* [PROMPT]: Of all the lines below, output only those starting at the one with "55ml/100ml Purple Glass" and ending at the one with "Man in dark", both ends included, exactly as written.

* [RECORD EXTRACTS]:
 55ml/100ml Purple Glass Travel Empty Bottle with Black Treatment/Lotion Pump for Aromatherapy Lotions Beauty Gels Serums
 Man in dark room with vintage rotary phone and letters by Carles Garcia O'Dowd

--

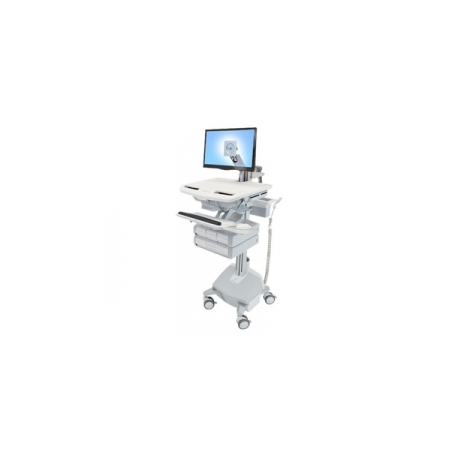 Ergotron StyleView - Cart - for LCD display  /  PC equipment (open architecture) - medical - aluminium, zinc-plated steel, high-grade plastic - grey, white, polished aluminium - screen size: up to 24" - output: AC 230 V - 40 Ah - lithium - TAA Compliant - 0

* [RESPONSE AREA]:
 55ml/100ml Purple Glass Travel Empty Bottle with Black Treatment/Lotion Pump for Aromatherapy Lotions Beauty Gels Serums
 Man in dark room with vintage rotary phone and letters by Carles Garcia O'Dowd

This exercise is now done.